そして、「ずっと『報道のドラマをやりたいな』と思っていて、“温めていた”という方がいいかもしれない」と、以前から構想していたという。「だから、ことあるごとに報道の方々と会えばいろいろお話をしてきました。例えば『(警察の)捜査一課長をどうやって取材するか』という内容を報道の人から聞いて、『なるほど! こうやって仕事をしていたのか』と理解する。“夜討ち朝駆け”みたいな、『警察の人とどういう風に付き合うか』という話は聞いてきましたし、長い間いろんな事を積み重ねていって、今回初めて報道のドラマができました」と経緯を語った。
アルバイト時代から約20年の時を経て実現した『キャスター』。伊與田氏は「当時、報道番組では『NEWS23』の筑紫哲也さん、『ニュースステーション』の久米宏さんがいて、今よりもうちょっとニュースが面白かったです」と振り返り、「今はみんなが“まとも”になってコンプライアンス意識もあるので、ある意味、“どの局を見ても同じ”ように見えてしまい、ちょっとつまんない。現代の報道への批判的な面もあって、『昔は良かった』じゃないですが、そんな風にして描いてみようかなと思いました」と語った。

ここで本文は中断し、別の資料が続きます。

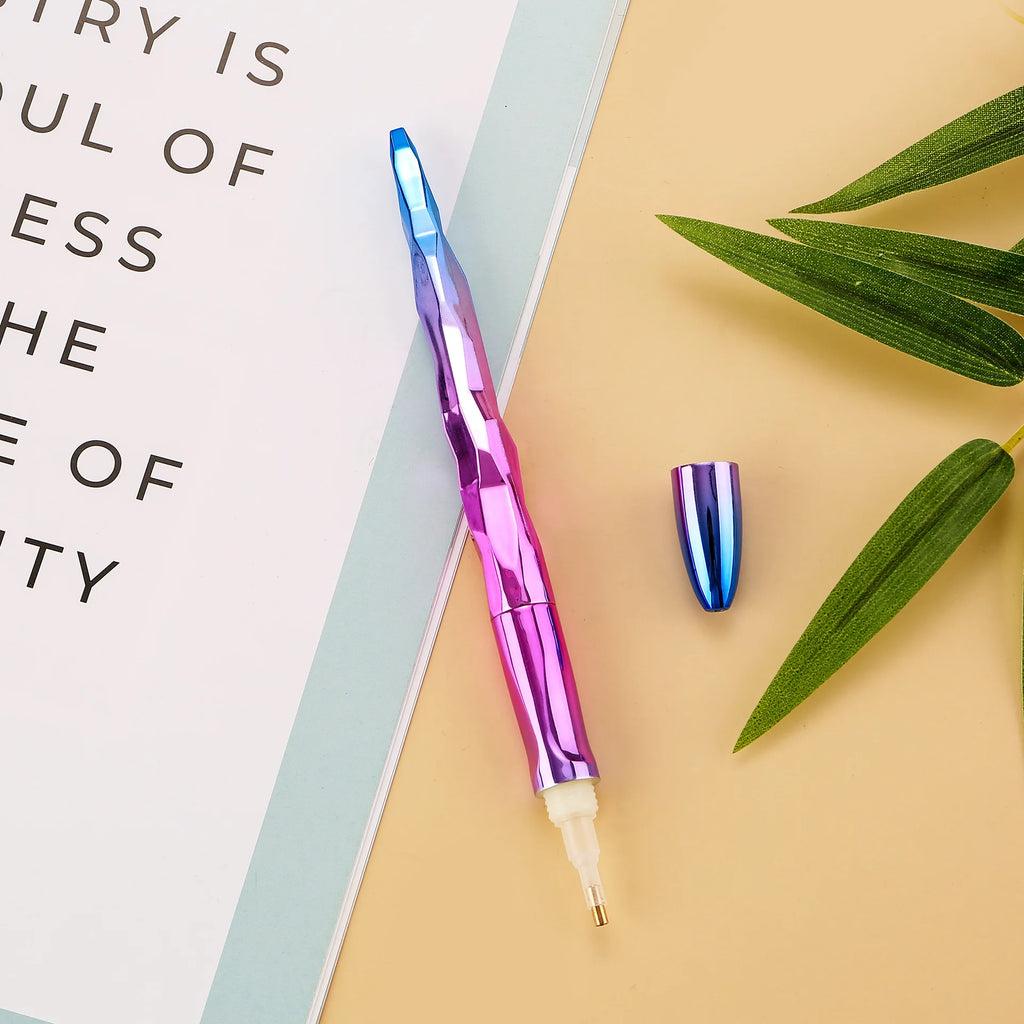 5D Matte Diamond Painting Pen Tool Point Drill Pens Roller Glue Clay Kits DIY Wheel Easy 5D Diamond Painting Cross Stitch Set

しかし、「昔とは違う中でも、現代の報道の方々が『いかに真実を伝えるか』ということに誠心誠意、向き合っている姿を見て、そこを描けたらいいなと変わっていきました」と明かし、「限られている中で、守らなければいけないルールの中で、精一杯やっているんだということを、今回描けたらいいなと思いました」と語った。